> [WORK ORDER] Every entry that follows should be repeated exactly; drop the images.

DATASET RECORDS: Begin

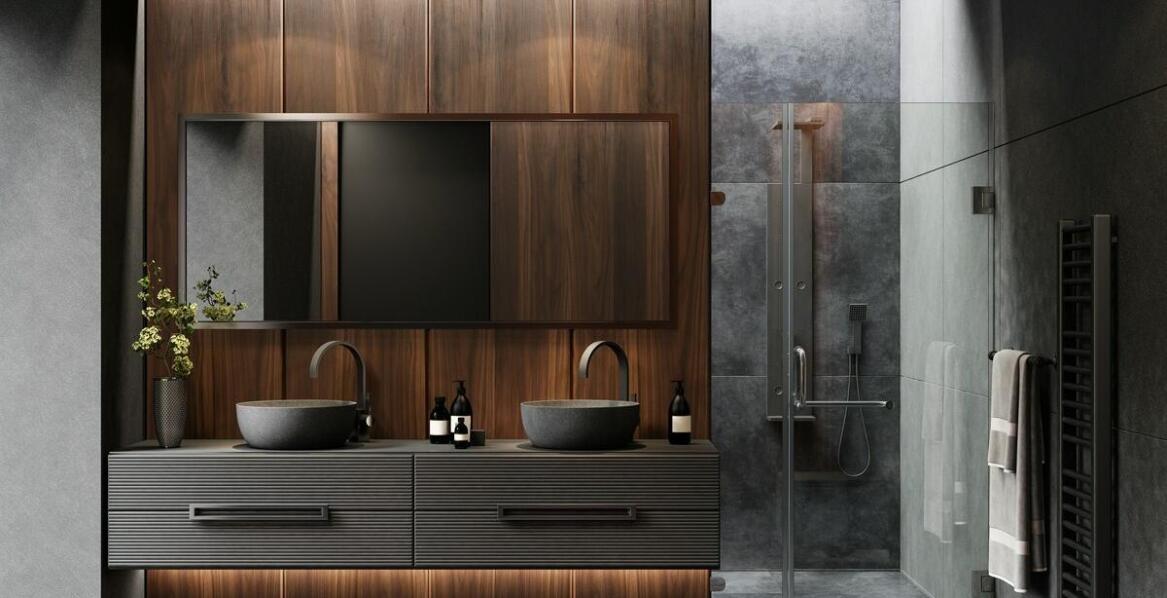 Jak 3D płytki mogą odmienić wygląd Twojej łazienki?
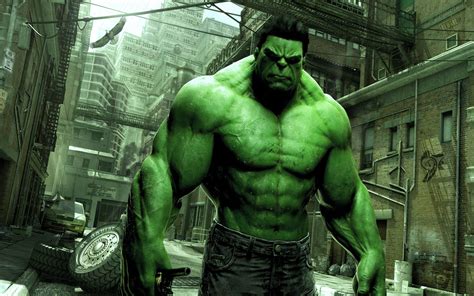 Hulk Smash Wallpaper - WallpaperSafari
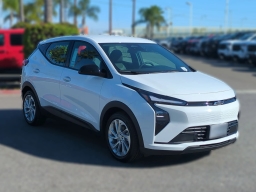 Chevrolet Bolt LT FWD 4dr 2027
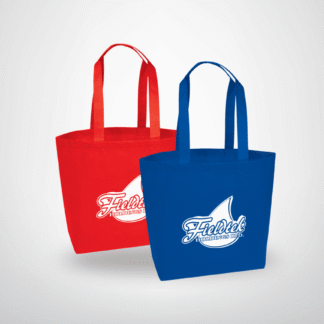 B4180 - Non Woven Large Tote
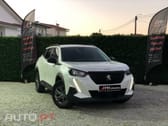 Peugeot 2008 1.2 PureTech Active Pack EAT8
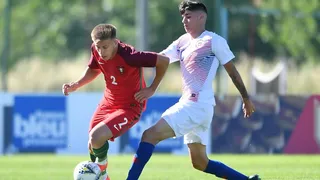 Bernardo Redín tras victoria de Chile sub 23: Sabemos que podemos sacar más a los muchachos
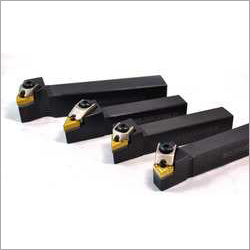 Indexable Tool Holders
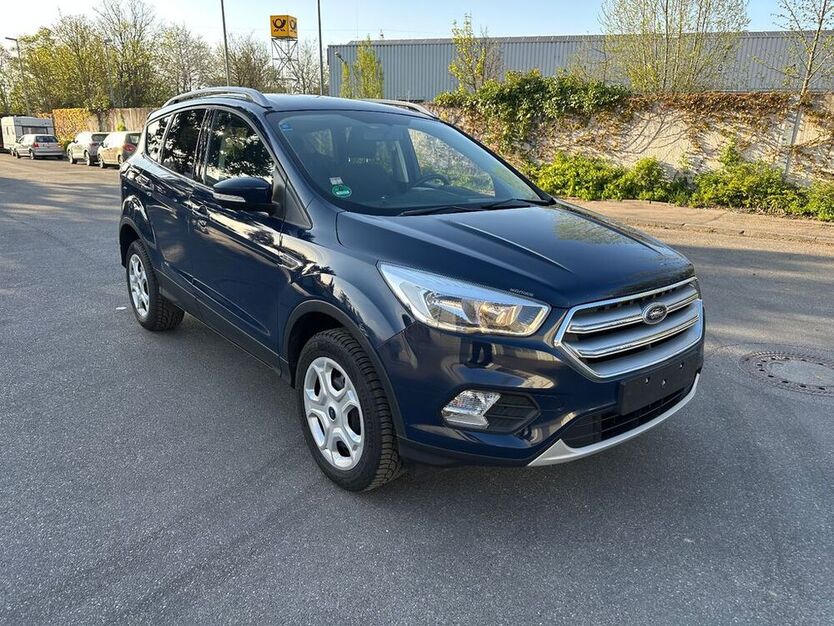 Kuga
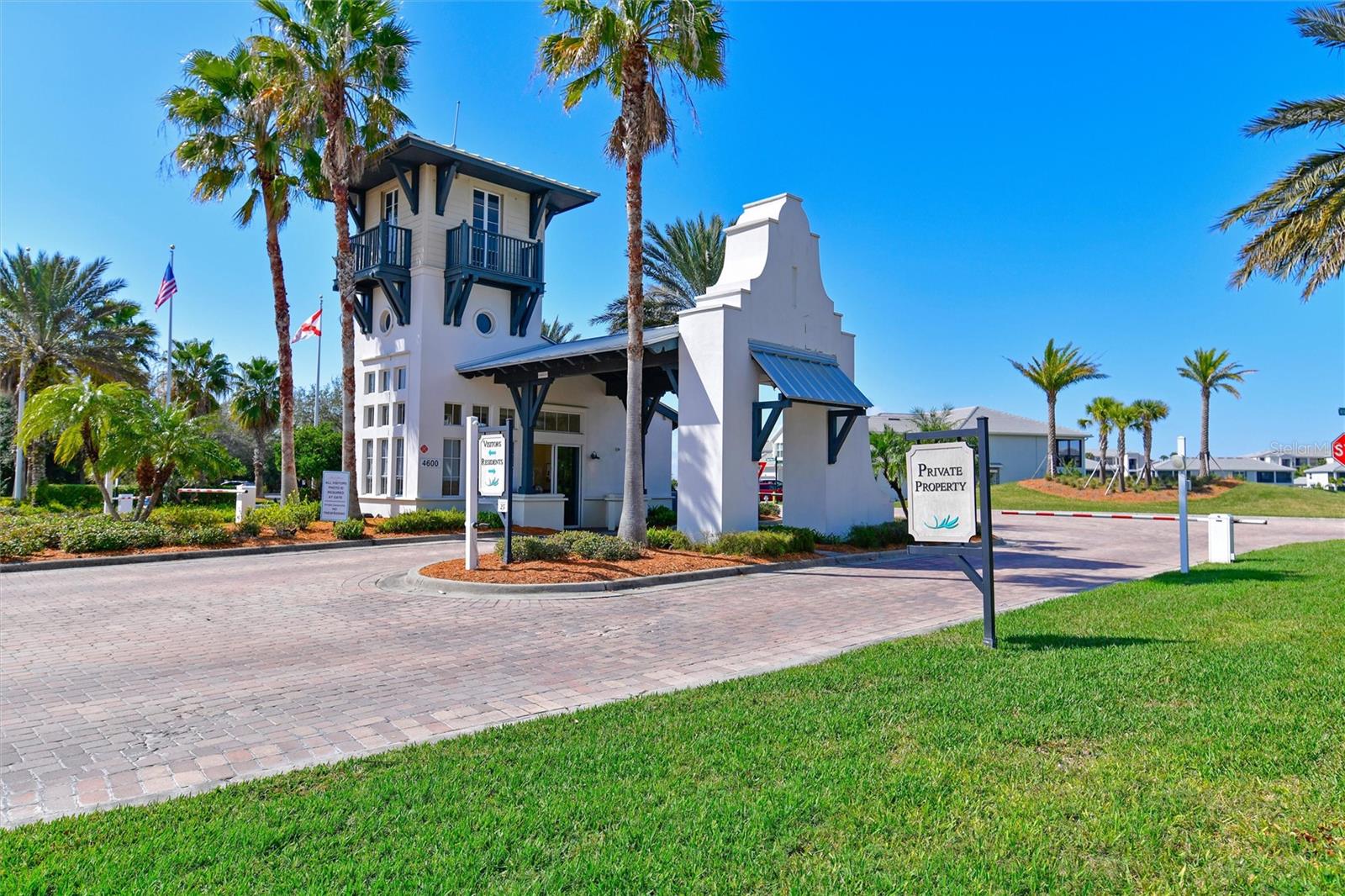 910 TIDEWATER SHORES LOOP #208, BRADENTON, FL, 34208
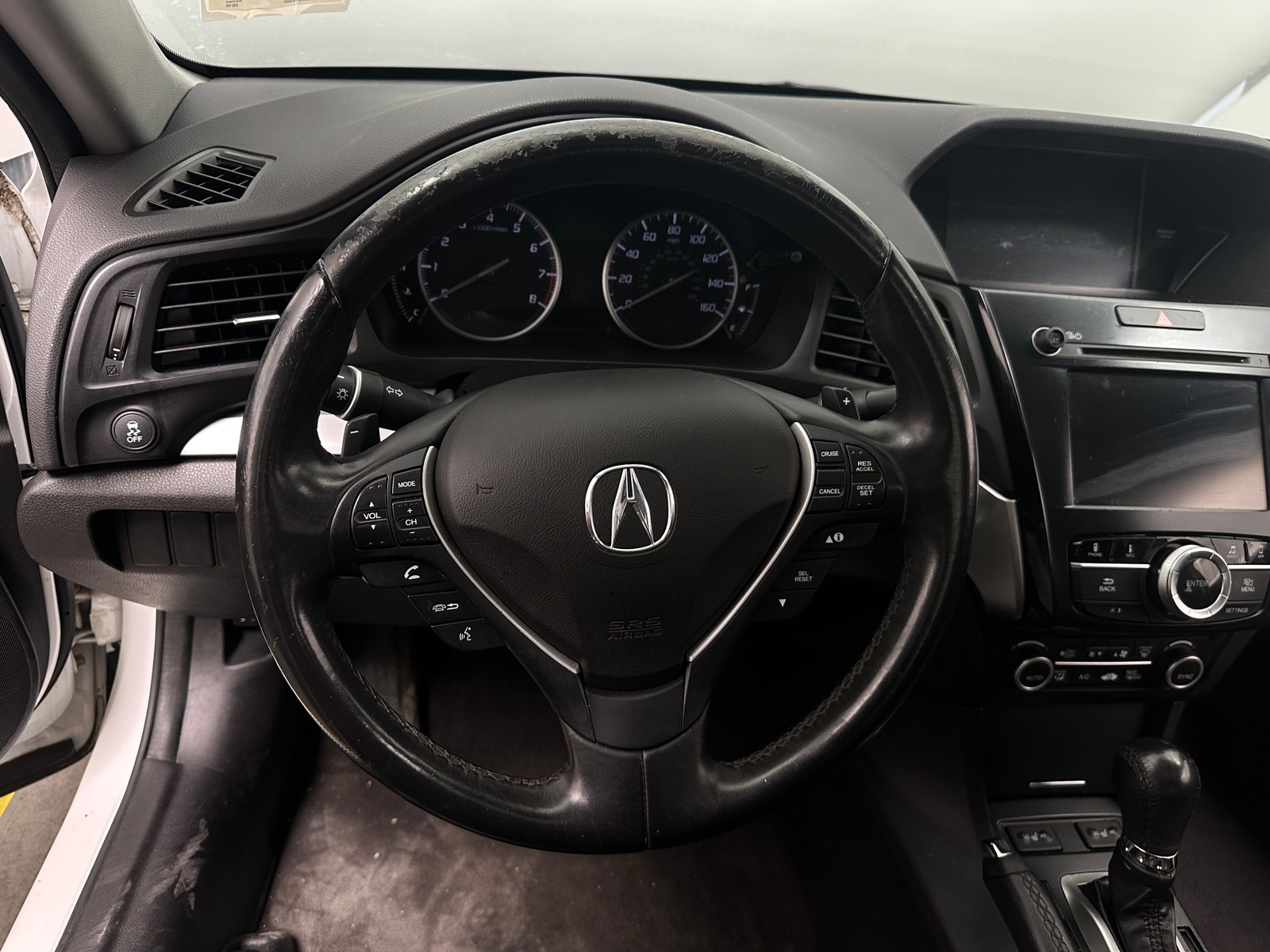 Thumbnail: 2016 Acura ILX - 4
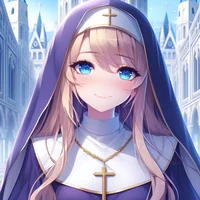 Saint Andrea Mathias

DATASET RECORDS: End

> [THE COMPLETED TASK]
 Jak 3D płytki mogą odmienić wygląd Twojej łazienki?
 Hulk Smash Wallpaper - WallpaperSafari
 Chevrolet Bolt LT FWD 4dr 2027
 B4180 - Non Woven Large Tote
 Peugeot 2008 1.2 PureTech Active Pack EAT8
 Bernardo Redín tras victoria de Chile sub 23: Sabemos que podemos sacar más a los muchachos
 Indexable Tool Holders
 Kuga
 910 TIDEWATER SHORES LOOP #208, BRADENTON, FL, 34208
 Thumbnail: 2016 Acura ILX - 4
 Saint Andrea Mathias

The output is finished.